Mike Syversrud retired May 31 after serving 23 years as the region’s elected business agent for Cement Masons Local 633. He represented Local 633 members across northern Minnesota, North Dakota, and seven counties in northern Wisconsin.
“I’ve worn numerous hats throughout the years,” said Syversrud, who also just retired as president of the Iron Range Building Trades Council. Over his career, Syversrud served as a trustee for the Minnesota State Building and Construction Trades Council and also served in other leadership offices.
Syversrud, of Orr, is a third-generation cement finisher with 37 years as a member of the union. His dad was a 60-year member. “He didn’t ask me if I wanted to go to work. He said, ‘we’re going to work,’” Syversrud said.
“I’ve got three other brothers and they’re all union cement finishers,” he added. “All my brothers are retired — I’m the last one.” Other family members in the trade included two cousins and his father-in-law.
To his colleagues in the Labor Temple in Duluth, where he had an office on the first floor, Syversrud was a good friend and ally.
“Big Mike was the type of business representative all union members would want on their side,” said Don Smith, business manager of IBEW Local 242, whose office is directly across the hall from where Syversrud worked in the Labor Temple. “It was 10 years ago when I got to attend my first Duluth Building Trades meeting as a delegate, representing IBEW Local 242 as business manager, and who do I sit by? The biggest man in the room of course. Yes, Mike Syversrud! He introduced himself, congratulated me and said, ‘Good luck, buddy! You’re going to need it!’ Followed by this big smile and a chuckle.”
The meeting soon started and Smith said, laughing, that it didn’t take him long to realize that Syversrud also had the loudest voice in the room
To a young worker considering a career in the building trades, Syversrud offered this advice: “Take the opportunity if it’s given to you.” In addition to earning good wages, you’ll get a pension and health benefits. “You’re going to get old. You’re going to get sick… It will be here before you know.”

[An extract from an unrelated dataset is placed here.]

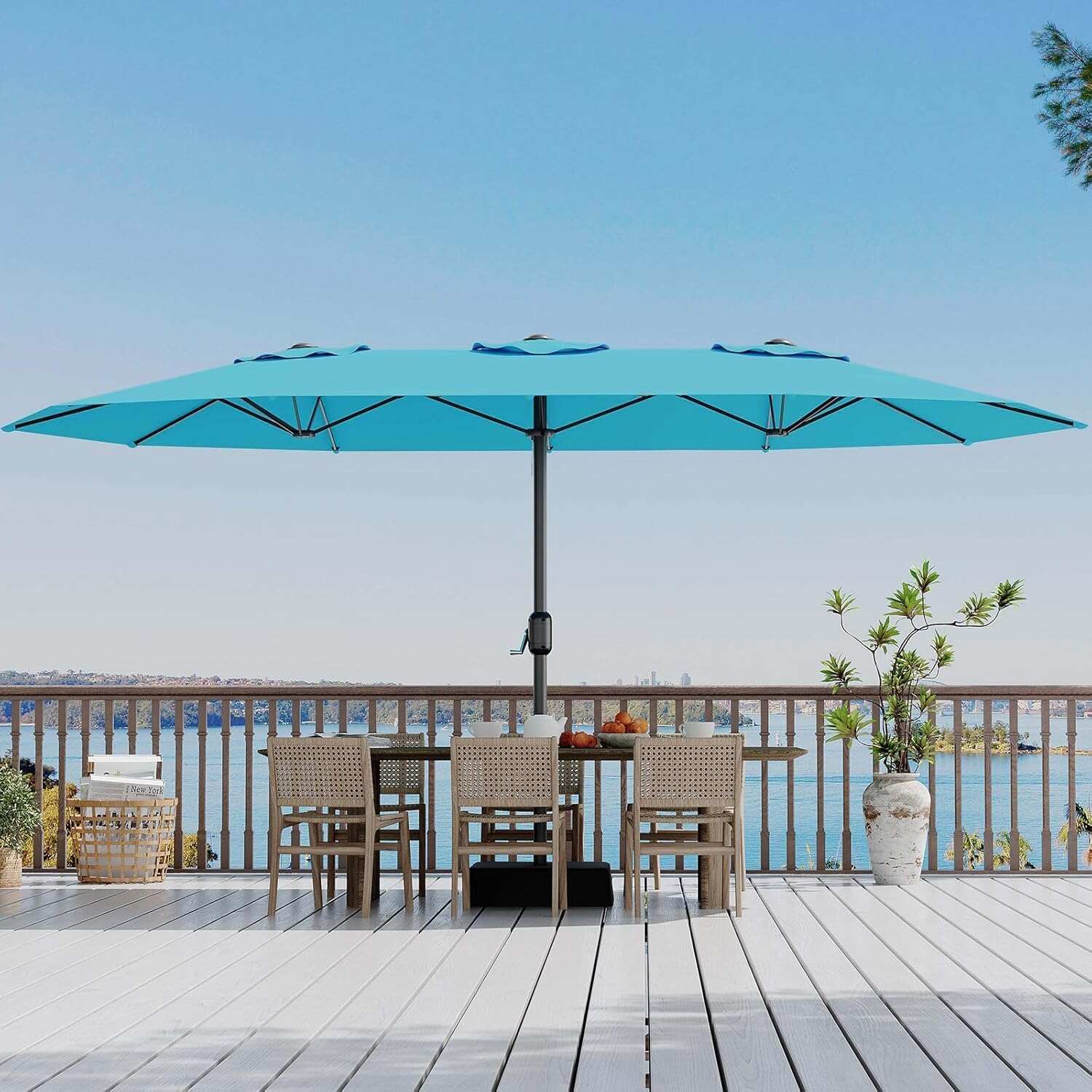 15 ft Rectangular Patio Umbrella with Base Included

During Syversrud’s many years working with the building trades in northern Minnesota, he said the biggest change was the partnership between the union contractors and the unions.

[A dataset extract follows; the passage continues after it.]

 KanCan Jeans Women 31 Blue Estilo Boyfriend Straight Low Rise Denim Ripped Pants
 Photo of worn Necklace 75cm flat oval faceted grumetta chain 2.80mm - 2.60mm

“For the Iron Range, we’ve made leaps and bounds in the relationships we’ve had with the contractors,” he said. “We are a pretty close partnership.”
The contractors and the building trades meet quarterly and co-sponsor radio ads and billboard ads, Syversrud reported.
“We use the Paul Wellstone saying all the time — ‘when we all do better, we all do better,’” Syversrud said. “When our contractors are doing better, we do better. When they’re competitive, we’re on those jobs.”
Syversrud credited the quarterly meetings between the contractors and unions for what’s now a strong partnership, meetings that have now been taking place for years. Getting the contractors to sit at the table for regular lunch meetings wasn’t easy. “It took lots of work to get it going,” Syversrud said, adding, “it’s been a work in progress to get it where it’s at today.”
They meet over lunch, talk about current projects, talk about how to recruit, Syversrud said. “And we talk about labor issues… so it doesn’t spill out.”
Over time, Syversrud said, because of the relationships developed between contractors and unions over the lunch meetings, that’s meant more Project Labor Agreements and more work.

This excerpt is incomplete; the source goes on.